Jeff Witherell: Yes, and then, John just as a reminder, that was based on in-place NOI. On a fully stabilized basis, it’s probably around 6% yield.
Operator: The next question is from Anthony Hau with Truist. Please go ahead.
Anthony Hau: Hi, guys. Thanks for the question. I just noticed that occupancy is down in Memphis, like I think 2.3% recreating, providing color on that?
Jim Connolly: Yes. We did, we had one tenant had a payment issue and they went into bankruptcy and we restructured their lease. So we split that space in half. The — that extra space just came on the market recently and we’ve got a longer term deal with a new company that was formed after bankruptcy. We also collected all the rent that they owed us as part of it too.
Anthony Hau: And if you don’t mind, what industry is that? Is it like, I got 3PL or?
Jim Connolly: I think it was more printing.
Anthony Hau: Okay. Thanks.
Jeff Witherell: Thank you.
Operator: The next question comes from Bryan Maher with B. Riley Securities. Please go ahead.
Bryan Maher: Thanks and good morning. Just one or two from me, are you guys starting to see any slowdown in construction activity in your markets that you would chalk up to the higher interest rate environment?
Jeff Witherell: Hey Brian, yes certainly. I mean I think that’s part of it and as you can see there’s some softening in the big box. You know you see 700,000, 800,000 million square foot buildings kind of sitting there, even in parts of Columbus. So I think it’s a combination of both.
Bryan Maher: And then as it relates to getting leverage down successfully, and congratulations for that. Is that increasing your appetite to start to look at new acquisitions? And if so, would that be funded with, you know, kind of a combination of cash and debt, or would you skew towards some capital recycling activity?
Jeff Witherell: So, and I think as we indicated, we’re not going to increase leverage.

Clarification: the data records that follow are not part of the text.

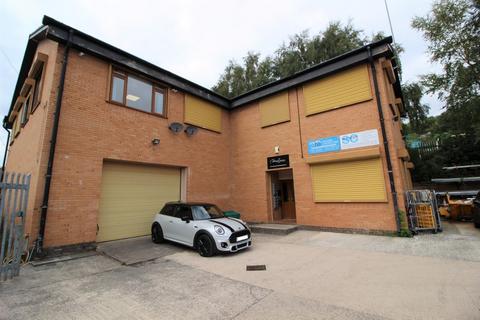 Property to rent, Dinting Lane Industrial Estate, Glossop SK13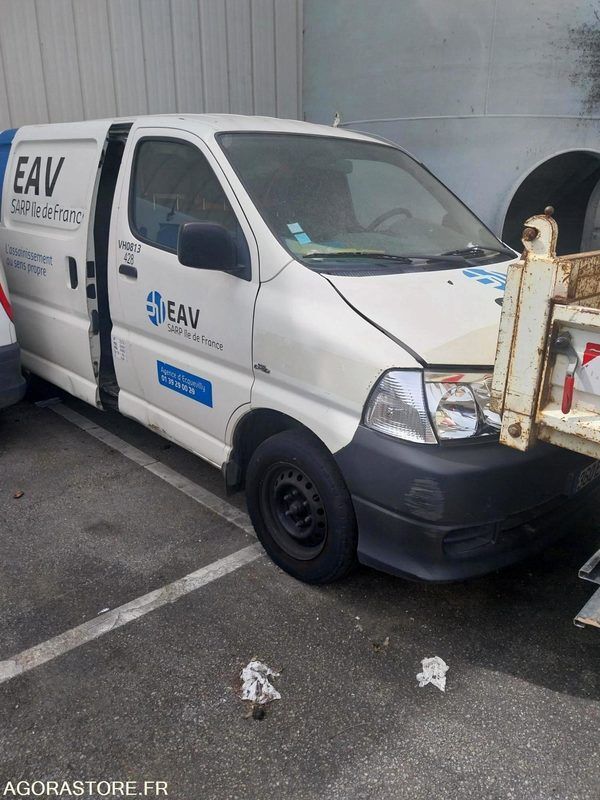 TOYOTA Hiace Fourgon 2008 433360Km NON ROULANT PRO UNIQUEMENT - Furgón: foto 1 TOYOTA Hiace Fourgon 2008 433360Km NON ROULANT PRO UNIQUEMENT - Furgón: foto 1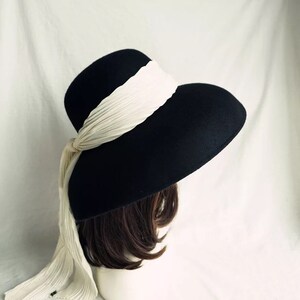 Elegant black hat brim lady autumn winter British vintage woollen bell-shaped hat felt large hat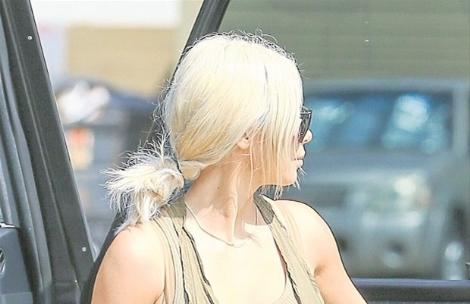 Kim Kardashian'ın saçları yandı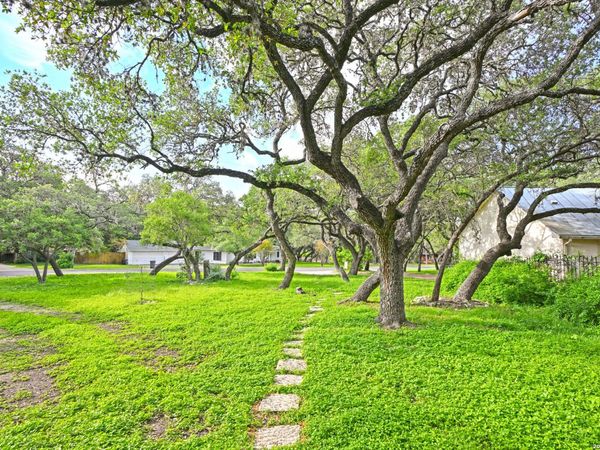 303 S MANTON LN, Castle Hills, TX 78213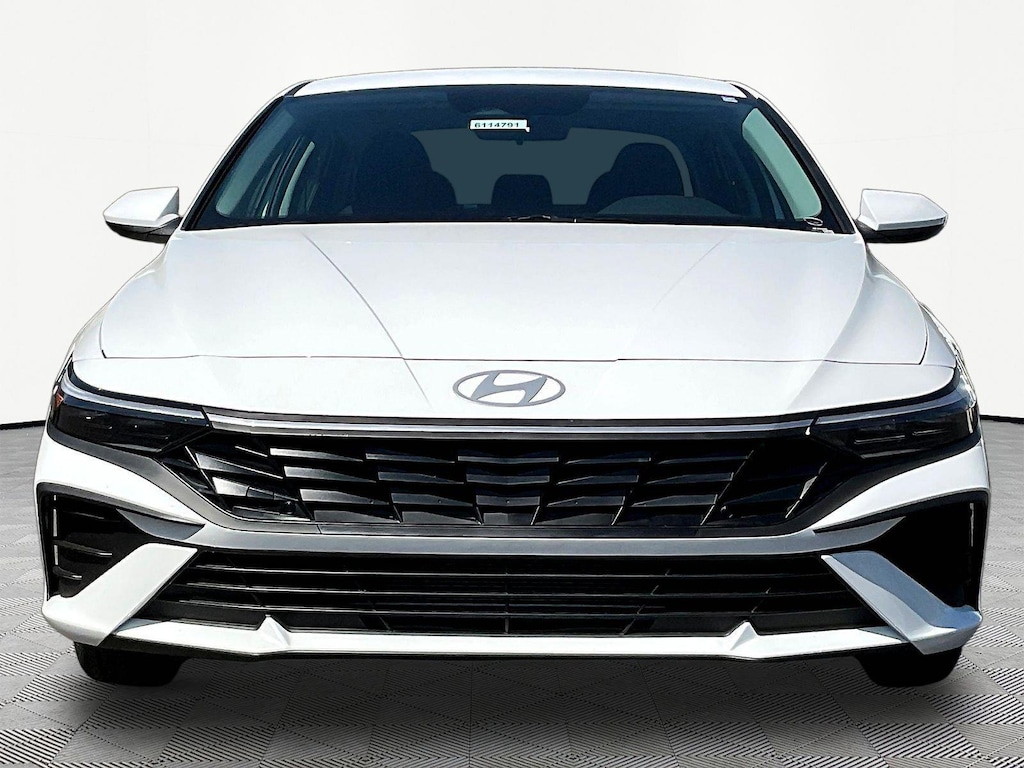 New 2026 Hyundai Elantra SE Sedan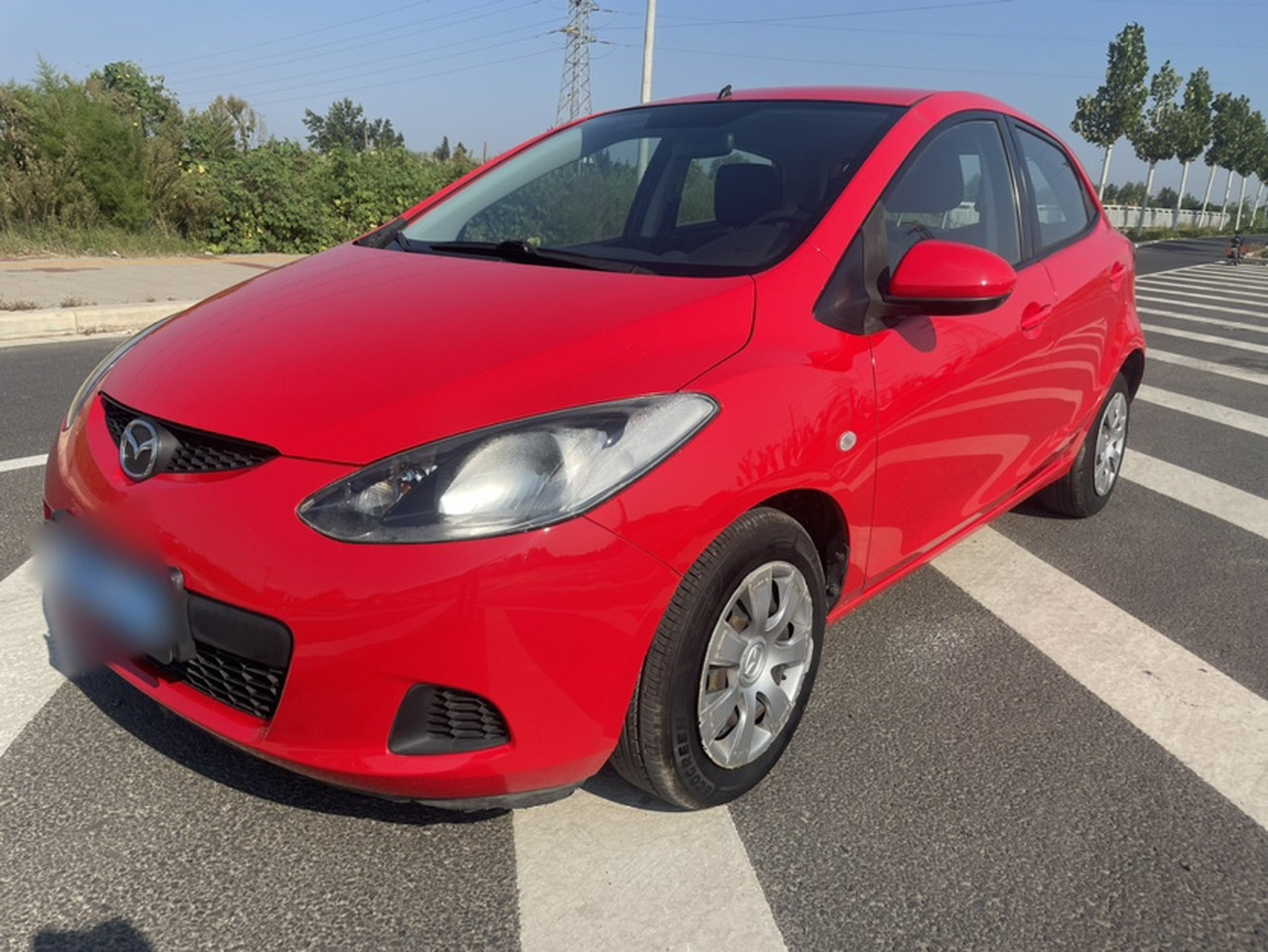 2 2012 Hatchback 1.3L AT Standard photo 3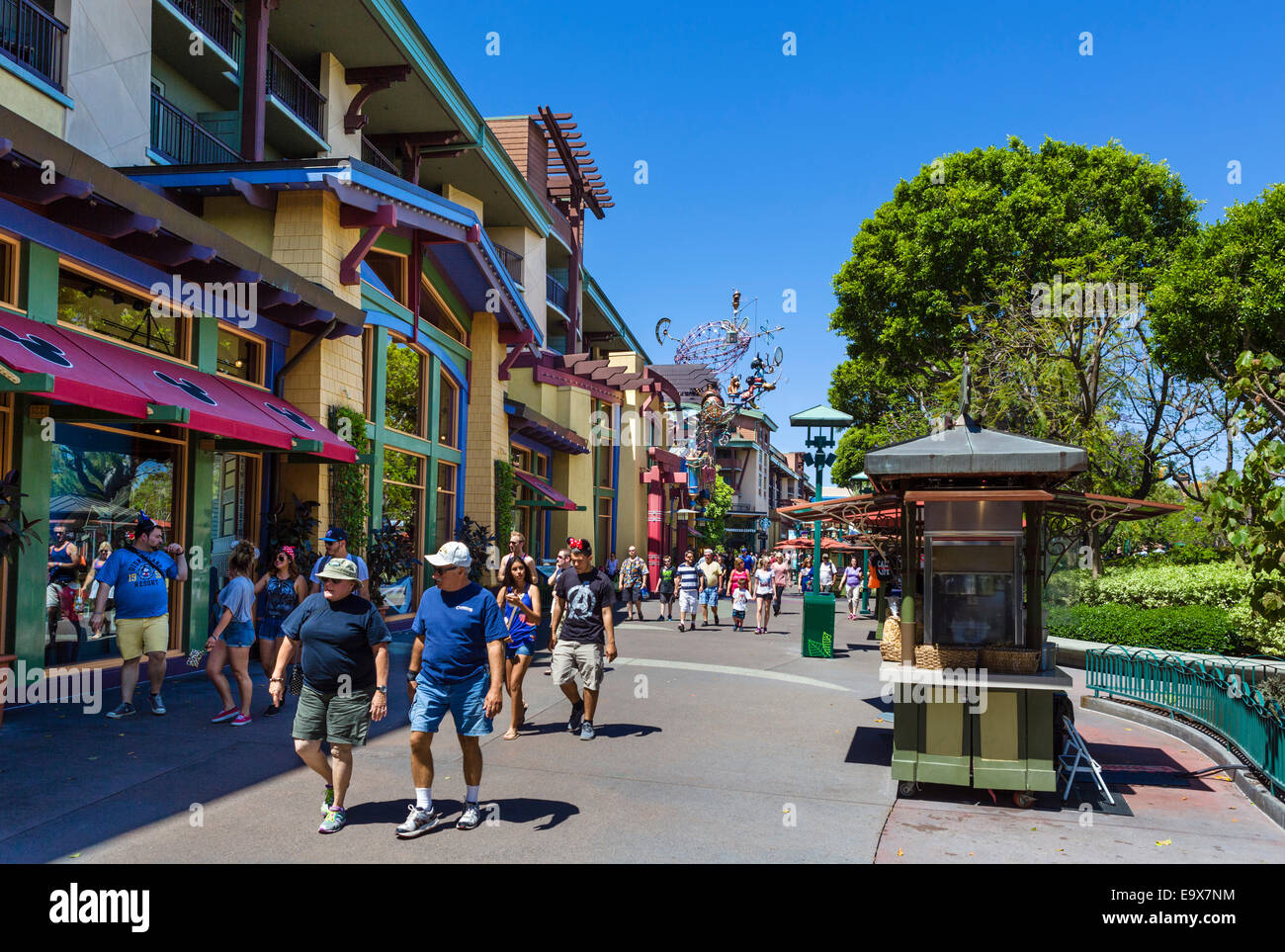 Tiendas y restaurantes en el centro de unidad en Disneyland, Anaheim, Condado de Orange, cerca de Los Ángeles, California, Estados Unidos. Foto de stock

So we’re not going to go out and start buying properties on the line and move up leverage. So that’s not going to happen. We’ve also indicated that we’re not going to be issuing dilutive equity at this time. So we’re not interested in getting out there. So as we see deals that match up with the cost of our equity, we would certainly entertain that. We’re still seeing some softening in the market. We’re seeing deals get pulled by sellers. There’s still some negative leverage in certain parts of the country that seems to be waning. I’m not so sure that’s a great strategy, but some people are employing that. So I don’t think that we have a real appetite for that. We are in discussions with people with OP units. So we’re doing — we’re having a lot of discussions but we’re certainly not going to move leverage up. And that — is your second part of that question that I missed?
Bryan Maher: No, you know, it’s mainly just, you know, how would you fund in, you know, capital recycling? You’ve pretty much addressed it. That’s all I have. And congratulations on getting out of New Jersey.
Jeff Witherell: Yes, thank you.
Operator: The next question is from Barry Oxford with Colliers. Please go ahead.
Barry Oxford: Great. Hey, Jeff, you touched on acquisitions, but are you saying, look, there are some runoff opportunities in the market, but look, across the board I just don’t like what I see from a pricing standpoint?